Nothing below is to be printed except the lines between the line holding "カラーコード: RGB 246.7 182.6 183 | qconv.com" and the line holding "disegno grafico astratto", inclusive, each exactly as it appears.
*** Data for the task ***
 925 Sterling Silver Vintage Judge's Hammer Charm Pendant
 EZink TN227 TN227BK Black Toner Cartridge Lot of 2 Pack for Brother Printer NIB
*** End of Data for the task ***
*** Data for the task ***
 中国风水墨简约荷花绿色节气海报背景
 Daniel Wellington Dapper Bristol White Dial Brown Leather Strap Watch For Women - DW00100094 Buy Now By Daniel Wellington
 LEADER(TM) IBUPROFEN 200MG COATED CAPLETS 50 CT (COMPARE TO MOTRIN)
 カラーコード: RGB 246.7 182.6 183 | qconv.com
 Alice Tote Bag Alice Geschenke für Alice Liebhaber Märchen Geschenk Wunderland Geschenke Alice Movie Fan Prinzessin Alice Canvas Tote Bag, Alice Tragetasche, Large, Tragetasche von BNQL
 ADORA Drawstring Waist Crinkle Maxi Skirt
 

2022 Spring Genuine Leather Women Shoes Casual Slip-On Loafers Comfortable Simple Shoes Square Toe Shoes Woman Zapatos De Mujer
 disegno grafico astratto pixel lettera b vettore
*** End of Data for the task ***
*** Data for the task ***
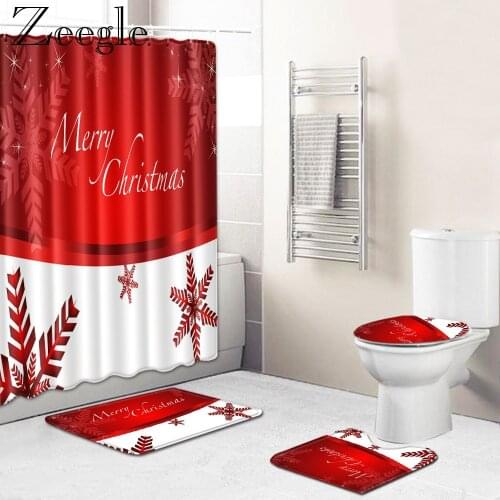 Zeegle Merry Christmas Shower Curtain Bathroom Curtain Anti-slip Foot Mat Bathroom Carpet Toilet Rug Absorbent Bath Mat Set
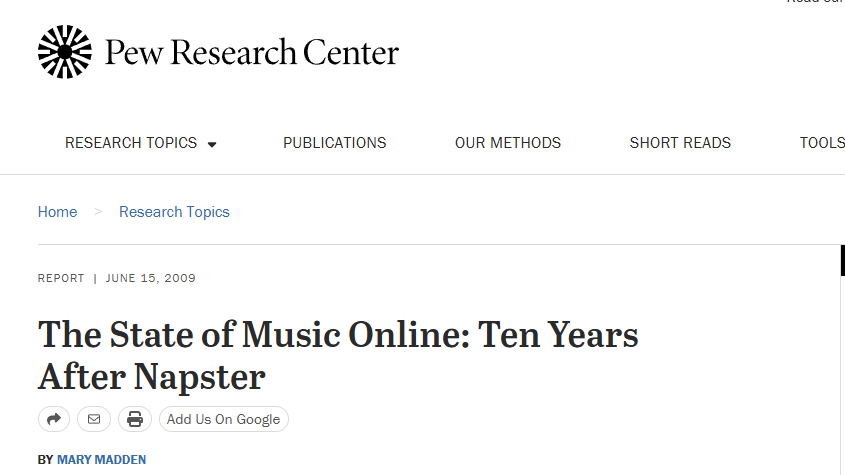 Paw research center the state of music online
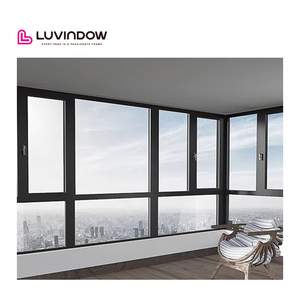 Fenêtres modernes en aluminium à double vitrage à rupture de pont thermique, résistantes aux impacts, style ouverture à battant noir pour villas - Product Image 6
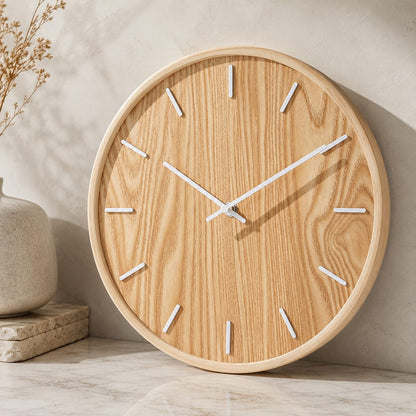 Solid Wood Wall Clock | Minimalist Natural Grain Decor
*** End of Data for the task ***
Exercise output:
 カラーコード: RGB 246.7 182.6 183 | qconv.com
 Alice Tote Bag Alice Geschenke für Alice Liebhaber Märchen Geschenk Wunderland Geschenke Alice Movie Fan Prinzessin Alice Canvas Tote Bag, Alice Tragetasche, Large, Tragetasche von BNQL
 ADORA Drawstring Waist Crinkle Maxi Skirt
 

2022 Spring Genuine Leather Women Shoes Casual Slip-On Loafers Comfortable Simple Shoes Square Toe Shoes Woman Zapatos De Mujer
 disegno grafico astratto pixel lettera b vettore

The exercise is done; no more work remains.